A second tug under charter to coast guard was able to get the disabled ship to port without environmental damage.

Tobin said the close call shows that the coast guard should have its own sea-going tug to help prevent potential shipping disasters.

“For our coast guard, that does such a wonderful job, to have to go out with hat in hand basically begging for a tug from somebody to rescue 11 people and avert an environmental disaster — is not good enough,” he told the St. John’s Morning Show.

“I don’t think the British or Norwegian coast guard would have to go out begging for a tug.”

Tobin said an advisory council to Transport Canada on marine spills and responses has been requesting a dedicated tug for the south coast, specifically the Placentia Bay area, for years.
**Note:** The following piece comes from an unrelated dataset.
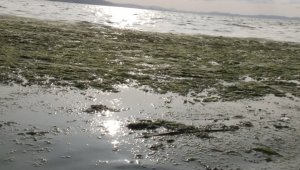 Karşıyaka sahili deniz marullarıyla doldu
He said the case of the Baby Leeyn illustrates the risks of having ships from all over the world — with varying degrees of mechanical and structural integrity — moving through parts of the ocean that are cherished environmental regions and fishing grounds.

“Had it been a fully loaded vessel, the assistance from those tugs might not have been enough to keep it off the rocks.”

​’Once is enough’

Tobin thinks it’s only a matter of time before another ship runs into trouble off the south coast, which is why he’s again calling on the federal government to put a first response station in the Placentia Bay area with a boat dedicated to the coast guard.

“You can say ‘well those incidents don’t happen very often,’ but once is enough,” he said.

“Whether we have that tug or whether we don’t is going to make the difference of whether we lose the south coast or Placentia Bay in years to come.”

The Turkish owners and the local ship’s agent declined CBC’s requests for an interview.